A hugely prolific artist, he has restlessly, and a little bewilderingly, gone from one kind of picture to the next in the twenty-five years or so that he has been showing. He is, in other words, precisely the kind of artist who could have benefitted from a retrospective that mapped out his twists and turns. But a comparison of the New Museum’s selections with various publications on Condo over the years (plus a memory of his shows) indicates that a number of lively pictures have been sacrificed for a broader, more simplified telling of his story. What may be Condo’s best works, moreover, portraits of clownish and cartoonish beings done in the 1980s, have been radically underrepresented and are poorly shown to boot. Like lots at an auction, they have been placed on a large wall in a seemingly random way, mixed in with portraits from other times and with no thought for the fact that most of the very small canvases can hardly be seen at all.

Streamlined as the exhibition is, it is still a little like a group show. Along with fantastical portraits like The Executioner, Condo has made strangely stiff portraits of women, seemingly indebted to Raphael, and equally anachronistic images of faceless mannequinlike figures in Renaissance garb, which recall de Chirico’s ball-headed dummies (though they are painted in a glistening, ornamental, folk-art style that is closer to the later André Derain). Condo, who was based in Paris from 1985 to 1995, is also clearly obsessed with Picasso. In Spanish Head Composition (1988), for example, where many sketches on paper in a number of Picasso’s manners have been casually yet adroitly brought together to form a grand collage, he holds us a little spellbound, as a canny impersonator of Reagan or Nixon might. We know we are looking at pastiches, but they are both alive in their own right and subtly different from Picasso, and the experience of not being sure who we look at is tickling in itself.

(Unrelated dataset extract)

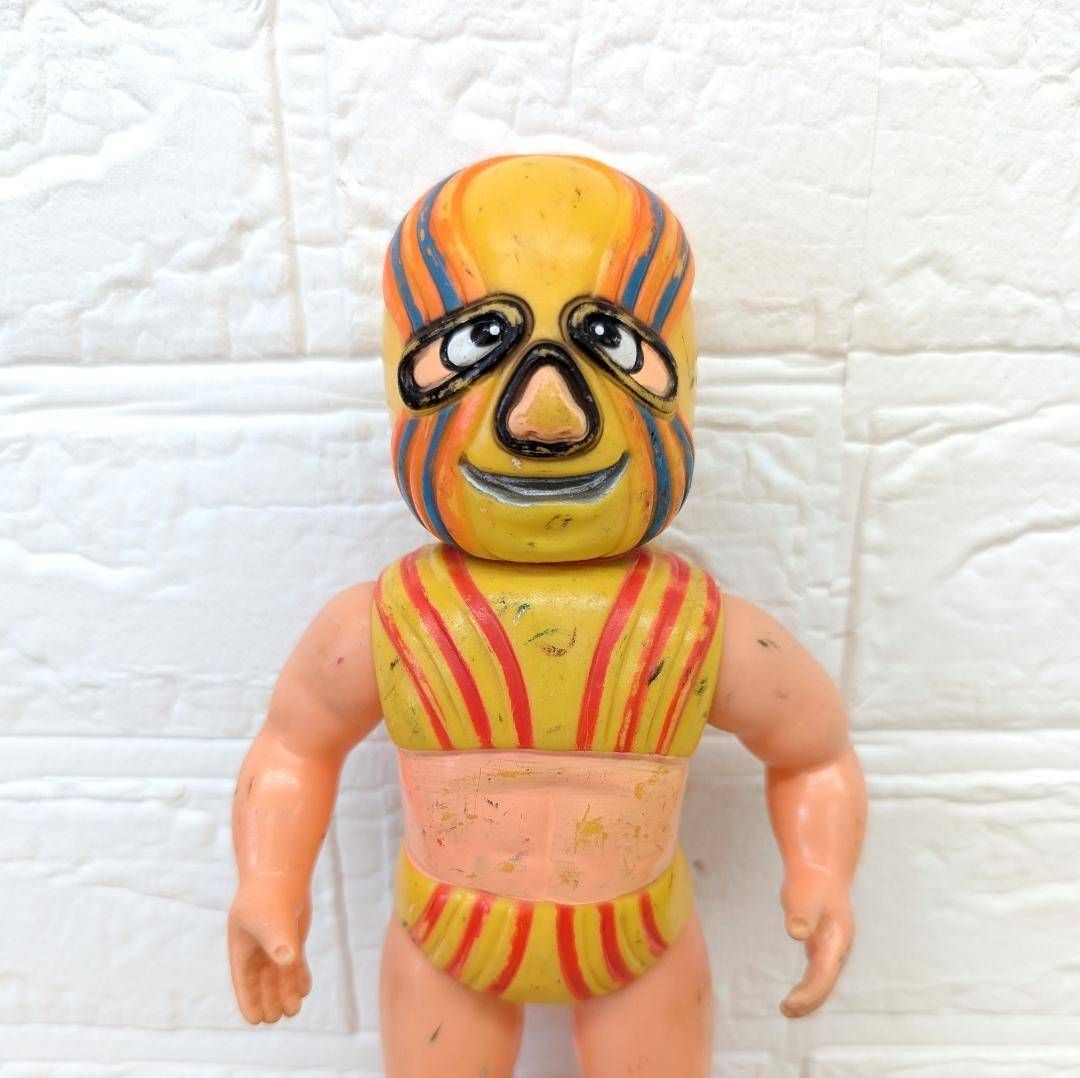 メディコム タイガーマスク　ビッグサイズ　レトロソフビ ザ ユニバーサルマスク ソフビ メディコムトイ タイガーマスク レア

Taking The Executioner one step further, Condo has made, too, what might be called doodle epics. As a beautiful untitled and abstract 1975 pencil drawing in the exhibition makes clear, he was already at age eighteen adept at showing tightly bound, pulsing worlds of interconnecting boxy shapes; and in often large works from the 1980s on, he has developed the idea of endless free-form linear improvisations. They are works that might look like abstractions at a glance but are infested, as it were, with cartoonishly drawn faces, figures, and objects.

And two of the improvisations, Expanding Canvas and Nothing is Important, both from 1985, are feats. Faces, body parts, utensils, books, caged birds, and God knows what else flow in and out of each other in pictures that suggest that Pollock’s fields of swirling lines have been invaded by end- lessly metamorphosing entities—rubbery forms that you half-imagine buzz about and recombine themselves when the pictures aren’t being looked at. In more recent, and rather glib, versions of these epics, Condo’s line is either more obviously pretty and cursive or he is using lines in more clipped and abrupt ways, recalling—too much—de Kooning.

With their clown noses and popping eyes, the fantasy faces and figures in Condo’s work have from the beginning been rather threatening, and that spirit has seemingly taken over his work in the last years. The featured pictures at the show, in any event, present a race of sexually overheated, goonish, or abject grotesques—people whose faces and bodies have been assembled with an anatomical waywardness that even Picasso might wonder at. In paintings that often have dark backgrounds, we look at beings whose chins zoom up and resemble little surfboards that have come back to smack them in the face. Eyes bulge outlandishly, mouths stretch open rigidly like tunnel entrances, and teeth are so abundant there are occasionally extra sets of them hanging off the protuberant cheeks.


Luhring Augustine

George Condo: Uncle Joe, 2005

Certainly, Uncle Joe (2005) is a nightmare. Ferociously, devouringly open-mouthed, our bald and big-eared protagonist lies on the grass, wearing only a T-shirt, a huge wine bottle in one hand, and one leg, with tufts of hair sprouting here and there, going straight up like a tree. His erect penis seems to be the originator of the bubbles that float everywhere, his pubic hair is like a shag rug on the march, and a cigarette planted on his hand is yet another rigidly vertical element in a picture that is a catalog of erections. The cigarette is also a touch that helps us see that Uncle Joe might fancy himself a bit of a swinger, which only adds to the rampant lunacy. We look at a snorting nobody, a little immobilized by the Viagra in his system, who perhaps thinks he is playing all the parts in a recreation of Manet’s Luncheon on the Grass.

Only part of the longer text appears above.